*What the task requires*. No pictures go into the output, which should consist only of the lines from the first line of the data through the line with "Therapeutic tooth bud ablation", copied exactly.

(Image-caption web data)
>>
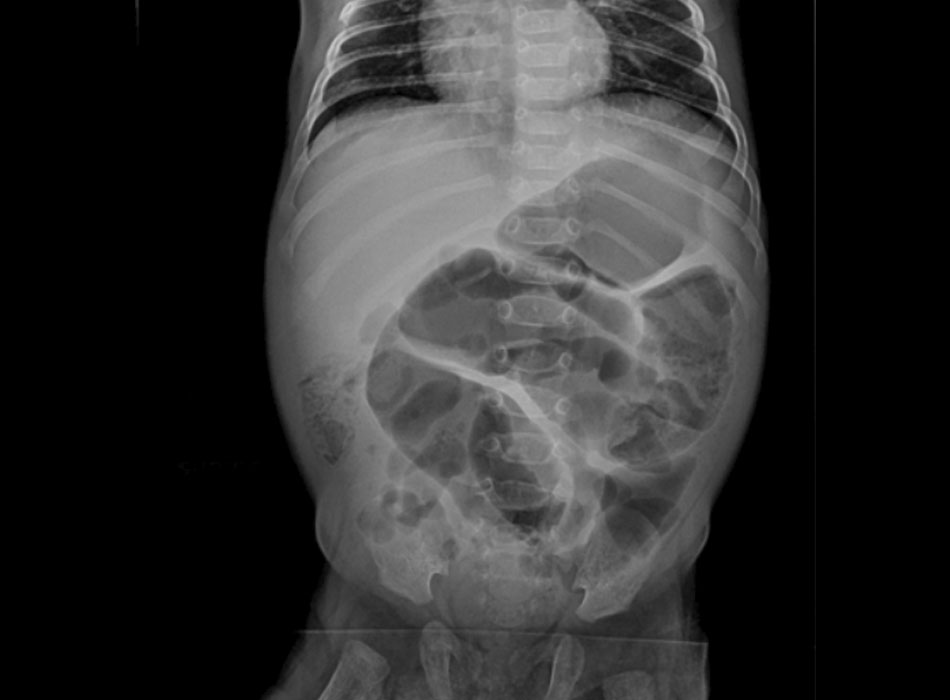 Hình 2: Chụp X-quang bụng cho thấy tắc ruột hoàn toàn. Từ thông tin thu thập của Tiến sĩ David J. Hackam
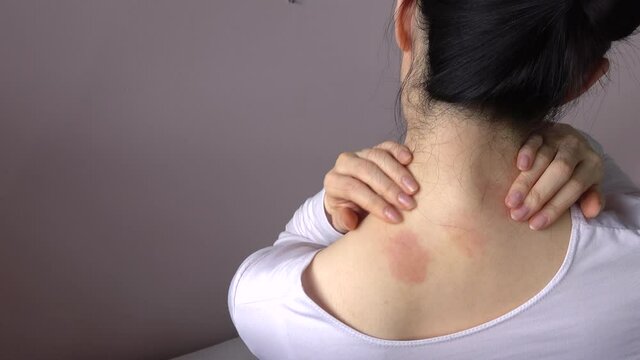 Blurred, closeup shot of a young woman scratching her neck and back. Defocus shot of itchy body with skin problem. 4K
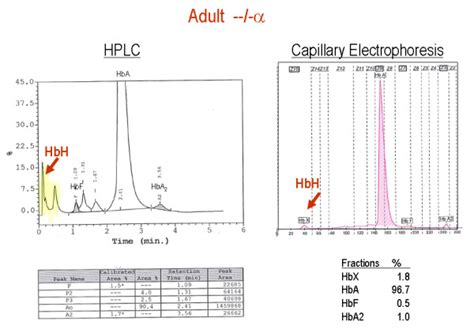 Hplc And Capillary Hb Electrophoresis Patterns Of An Adult With Hbh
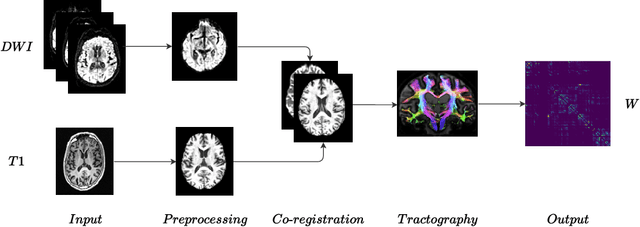 Figure 1 for Ensembling complex network 'perspectives' for mild cognitive impairment detection with artificial neural networks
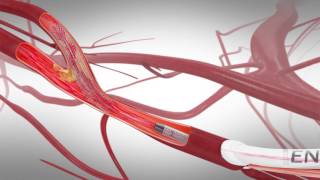 TransCarotid Artery Revascularization TCAR  How I Do It [upl. by Leiser]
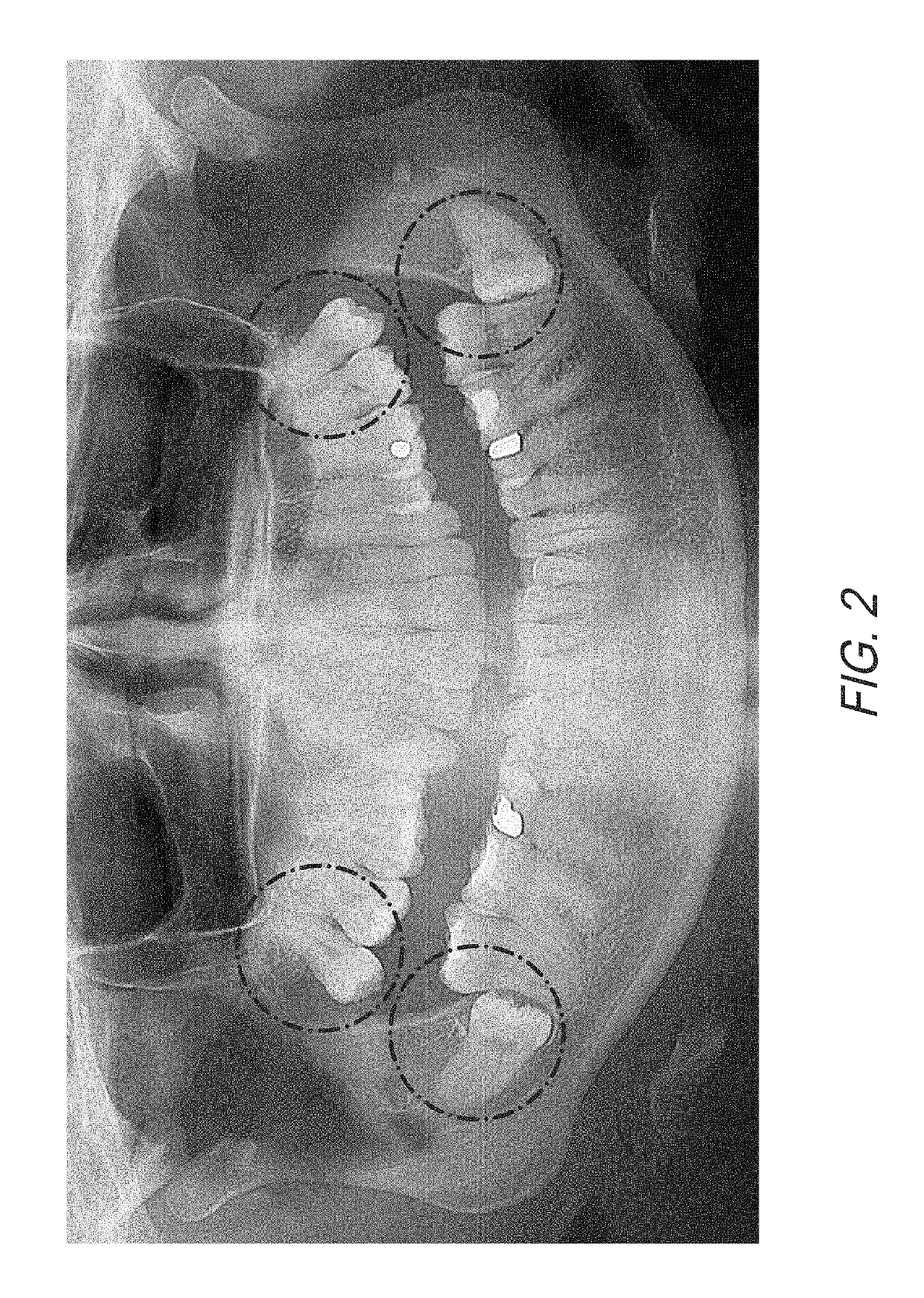 Therapeutic tooth bud ablation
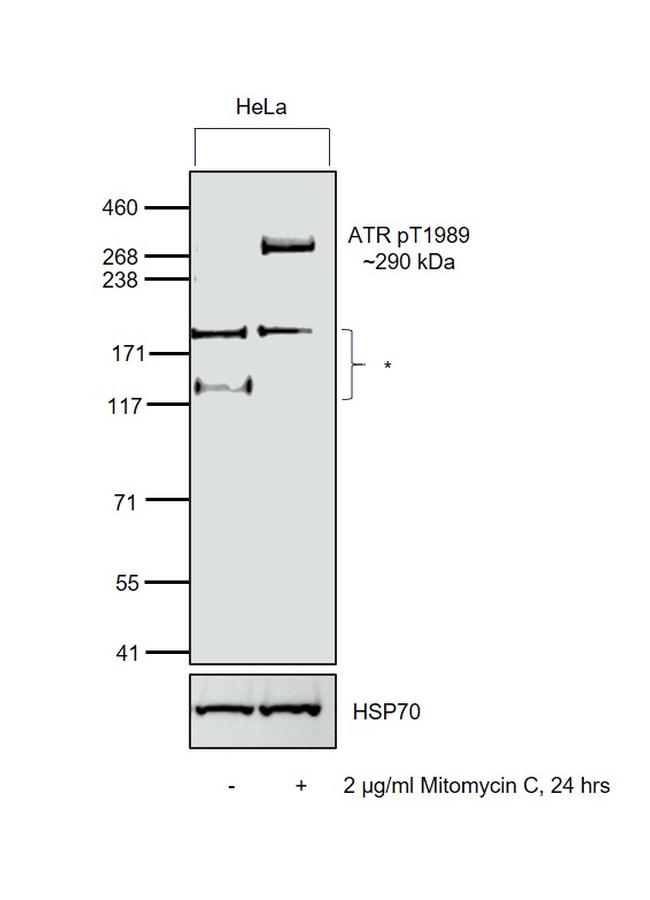 Phospho-ATR (Thr1989) Antibody in Western Blot (WB)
<<
*Exercise response*.
 Hình 2: Chụp X-quang bụng cho thấy tắc ruột hoàn toàn. Từ thông tin thu thập của Tiến sĩ David J. Hackam
 Blurred, closeup shot of a young woman scratching her neck and back. Defocus shot of itchy body with skin problem. 4K
 Hplc And Capillary Hb Electrophoresis Patterns Of An Adult With Hbh
 Figure 1 for Ensembling complex network 'perspectives' for mild cognitive impairment detection with artificial neural networks
 TransCarotid Artery Revascularization TCAR  How I Do It [upl. by Leiser]
 Therapeutic tooth bud ablation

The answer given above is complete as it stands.